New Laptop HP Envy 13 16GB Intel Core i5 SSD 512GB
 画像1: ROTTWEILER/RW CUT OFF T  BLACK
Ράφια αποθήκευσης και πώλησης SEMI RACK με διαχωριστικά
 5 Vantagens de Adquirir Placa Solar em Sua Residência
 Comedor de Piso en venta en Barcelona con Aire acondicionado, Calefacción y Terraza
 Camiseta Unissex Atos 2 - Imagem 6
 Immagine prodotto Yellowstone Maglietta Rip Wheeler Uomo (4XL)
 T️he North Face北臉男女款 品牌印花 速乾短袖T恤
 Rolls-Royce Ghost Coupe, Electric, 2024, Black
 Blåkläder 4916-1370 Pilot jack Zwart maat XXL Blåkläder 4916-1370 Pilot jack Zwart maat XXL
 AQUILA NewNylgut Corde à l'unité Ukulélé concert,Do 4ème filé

───

Only the lines above, from the first through the one holding "5 Vantagens de", are to be output, and they must be copied exactly.

Reply to the exercise:
New Laptop HP Envy 13 16GB Intel Core i5 SSD 512GB
 画像1: ROTTWEILER/RW CUT OFF T  BLACK
Ράφια αποθήκευσης και πώλησης SEMI RACK με διαχωριστικά
 5 Vantagens de Adquirir Placa Solar em Sua Residência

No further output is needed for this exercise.